▸ **Data segment**
Segment Open
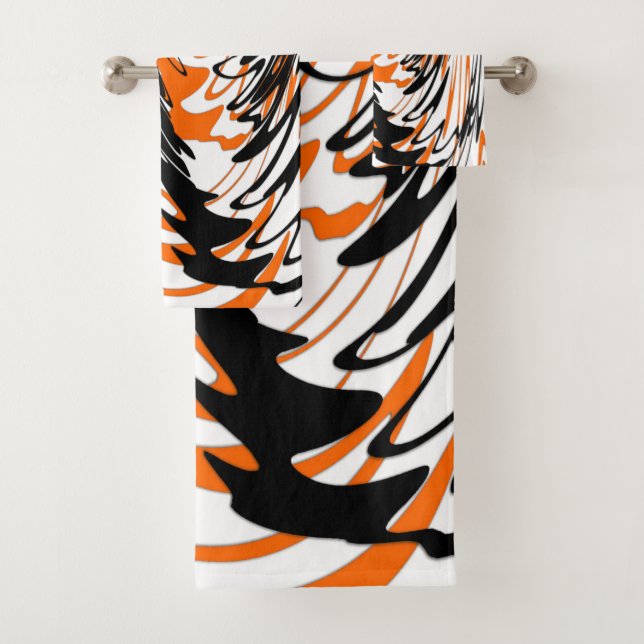 Bengal Colours Squiggly Orange and Black Lines Bath Towel Set (Insitu)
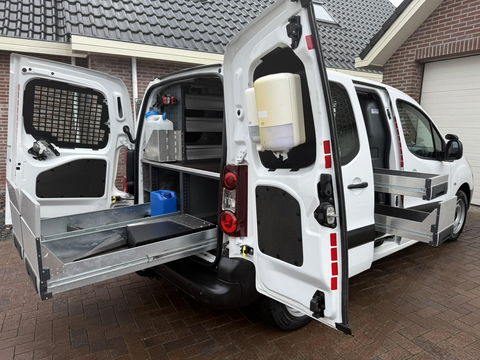 Citroën Berlingo 1.6 BlueHDI 100 pk automaat bott inrichting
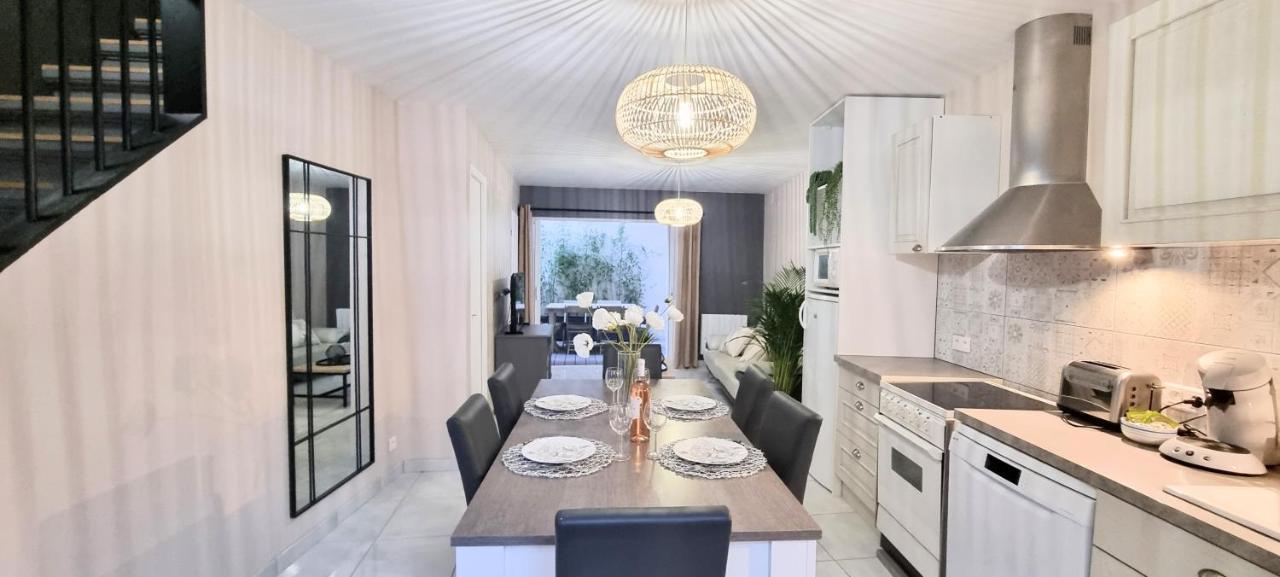 Le Bayard Authentique Maison Setoise Patio Climatisee Centre Historique Parking Payant A Proximite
Segment Closed
▸ **Activity**
Would you provide an exact, picture-free copy of the data above?

▸ **Written solution**
 Bengal Colours Squiggly Orange and Black Lines Bath Towel Set (Insitu)
 Citroën Berlingo 1.6 BlueHDI 100 pk automaat bott inrichting
 Le Bayard Authentique Maison Setoise Patio Climatisee Centre Historique Parking Payant A Proximite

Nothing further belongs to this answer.